イムラン・チョウドリ氏とベサニー・ボンジョルノ氏はアップル最大のヒット商品の開発に携わった。そして今、2人で立ち上げた新興企業ヒューメーンが野心的で謎に包まれたものの開発に取り組んでいる。

UI(ユーザー・インターフェース)に特色のある「次のiPhone」と称される製品を開発中(写真/Shutterstock)
UI(ユーザー・インターフェース)に特色のある「次のiPhone」と称される製品を開発中(写真/Shutterstock)

 2017年、米アップルでデザインと技術を手がけるトップ幹部2人が野心的なビジョンを胸に、ベンチャーを立ち上げるために会社を去ることにした。その野望とは、次の大きなコンピューティング・パラダイムを築くことだ。

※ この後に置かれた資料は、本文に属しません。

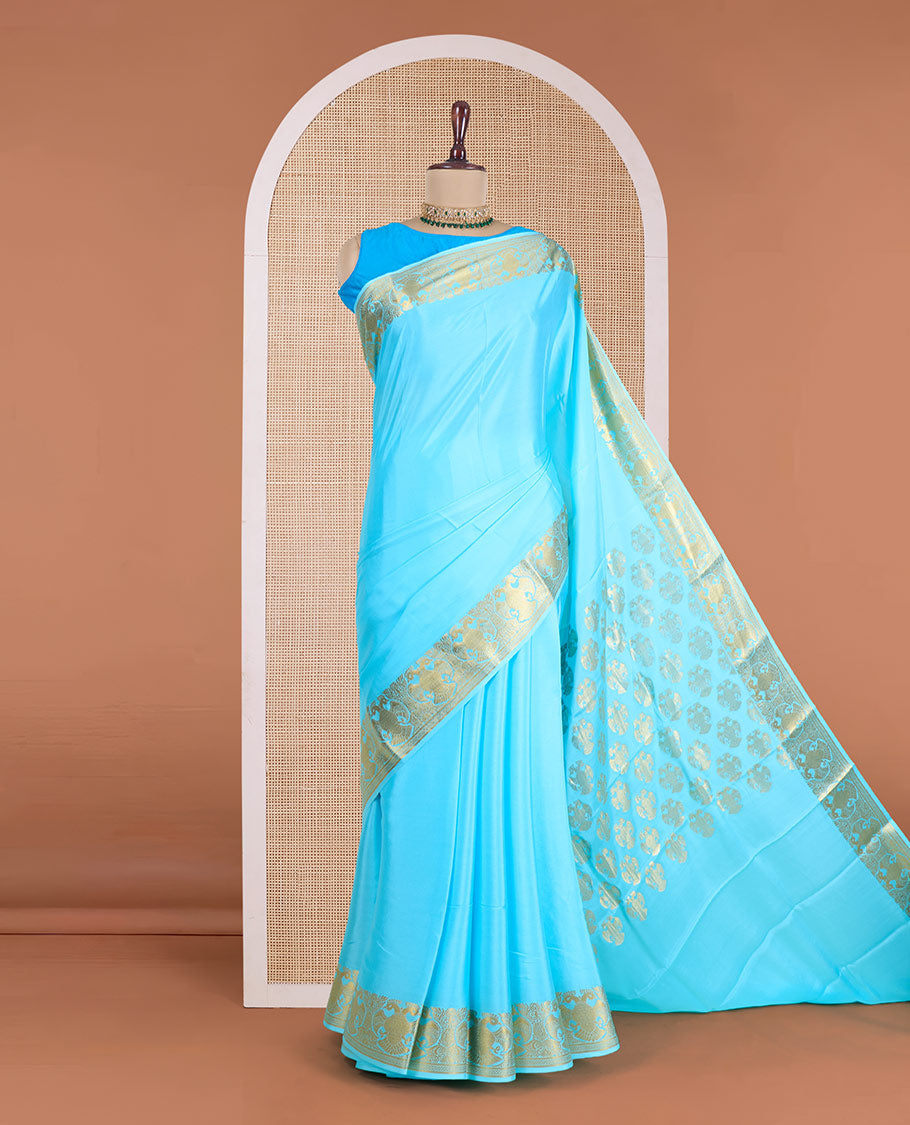 Blue plain Mysore silk saree, zari border of two-headed eagle motifs, and pallu steeped with two-headed eagle motifs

 「ヒューメーン(Humane)」という名のスタートアップ企業が今、謎に包まれた商品の開発を続けるため、ベンチャー投資のシリーズAラウンドで3000万ドル(約31億5000万円)の資金を調達したと発表した。共同創業者のイムラン・チョウドリ、ベサニー・ボンジョルノ両氏は何に取り組んでいるのかを明かすことを拒むが、2人の開発する新商品は、アップルのスマートフォン「iPhone」と同じようなインパクトを人々に与えると考えているようだ。共同創業者の1人が初代iPhoneのインターフェースを設計したことを考えると、2人の見込みはあながち的外れとはいえなさそうだ。

iPhoneやiPad開発の立役者が抱く野望

 「コンピューティング・プラットフォームの観点に立つと、我々は今、イノベーションの減退を招くような、一定レベルの成熟化の段階に達している」。ヒューメーンの社長兼会長で、アップルに勤めた21年間にiPhoneとタブレット端末「iPad」のUI(ユーザー・インターフェース)デザインに取り組んだチョウドリ氏はこう語る。「我々にとっては本当に、いかにしてバイタリティーをもたらすか、いかにしてコンピューティングに新たな機会をもたらすかということ。いかにして変化を起こすか、ということだ」。

 ヒューメーンが開発中の商品について、少なくとも多少の詳細を明かしてもらうまでは、消費者に与えるだろうその潜在的なインパクトについて何らかの意見を持つのは不可能だ。アップルで携帯音楽プレーヤー「iPod」開発の先頭に立ち、iPhone開発にも携わったトニー・ファデル氏は10年以上前にアップルを去った。そして11年に米ニューヨーク・タイムズ紙に語ったのを皮切りに、「大きな課題の解決に巨大なインパクトを与える可能性がある商品」について喧伝(けんでん)し始めた。同氏の立ち上げた新興会社ネストが作ったのは、ふたを開けてみればサーモスタットだった。だが、何を開発しているにせよ、またネストの例を踏まえても、ヒューメーンは間違いなく世間の期待値を引き上げている。